*DATA BLOCK*.
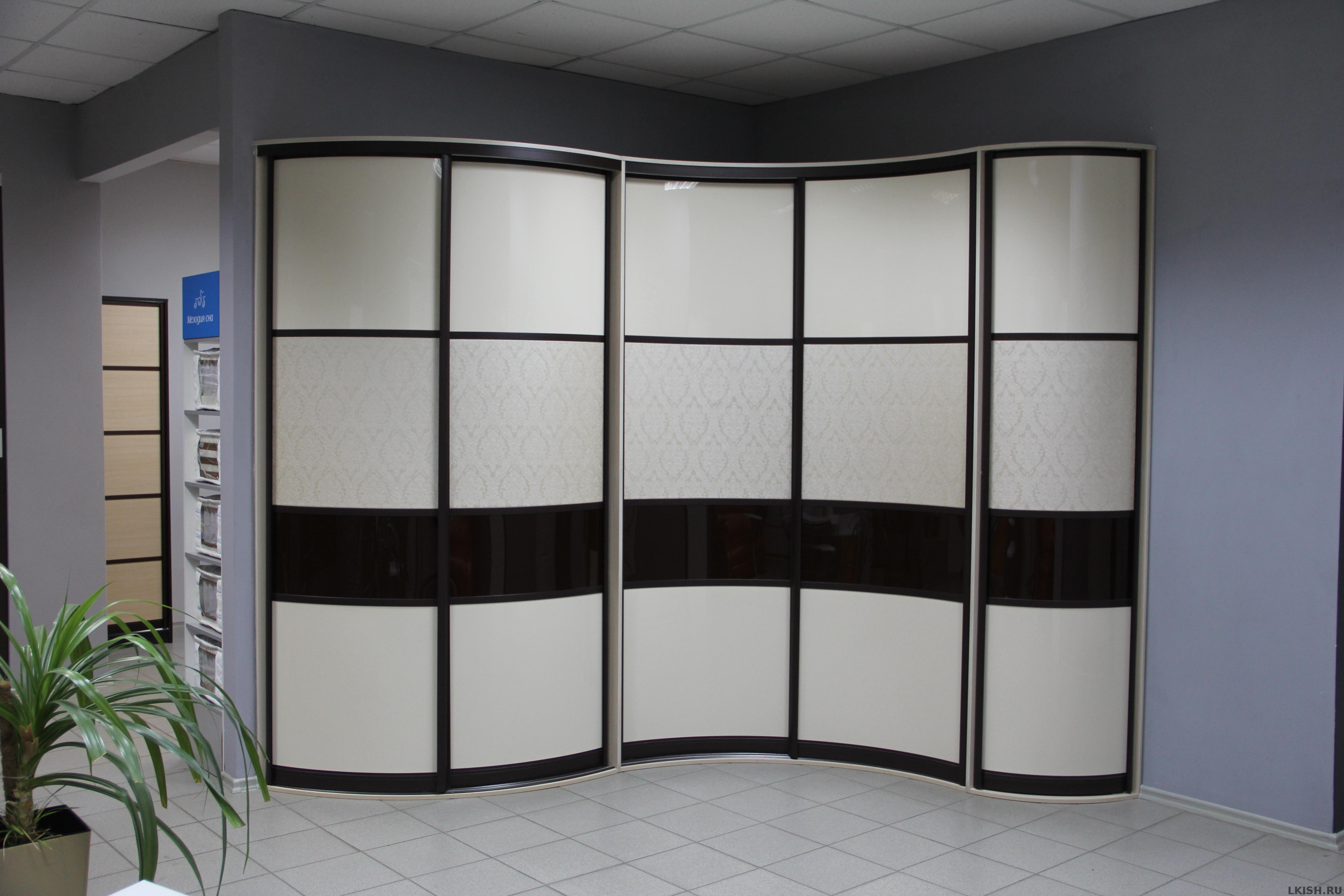 Armoire noire et blanche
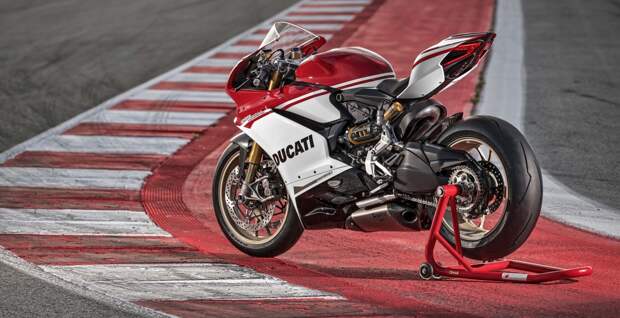В Париж привезли юбилейный итальянский мотоцикл Ducati 1299 Panigale S Anniversario
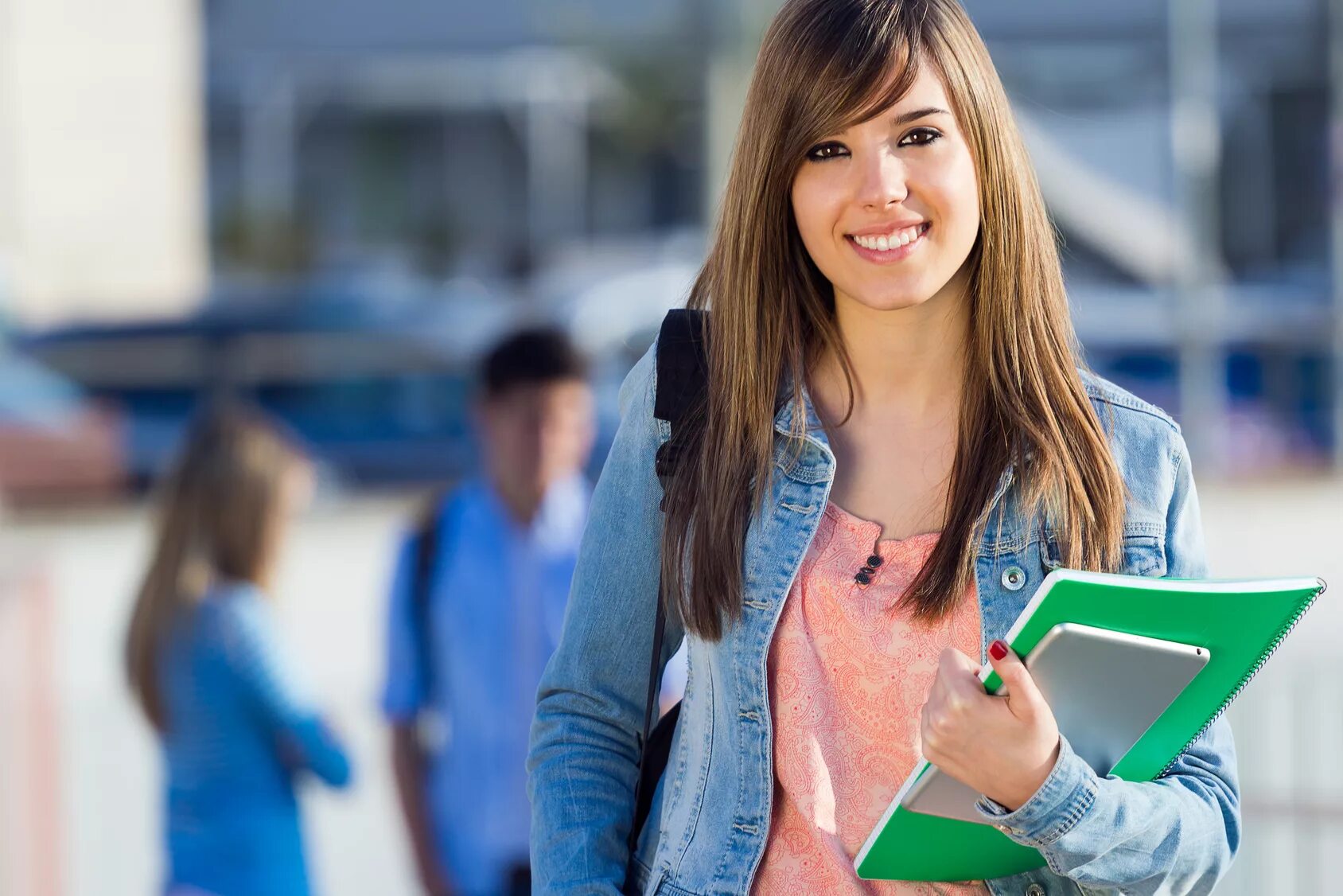 She a new student. Девушка. Студентка улыбается. Девушки студентки. Молодая девушка студентка.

*EXERCISE REQUIREMENTS*. Repeat each line of the material exactly, please, and skip every picture.

*ANSWER SPACE*.
 Armoire noire et blanche
В Париж привезли юбилейный итальянский мотоцикл Ducati 1299 Panigale S Anniversario
 She a new student. Девушка. Студентка улыбается. Девушки студентки. Молодая девушка студентка.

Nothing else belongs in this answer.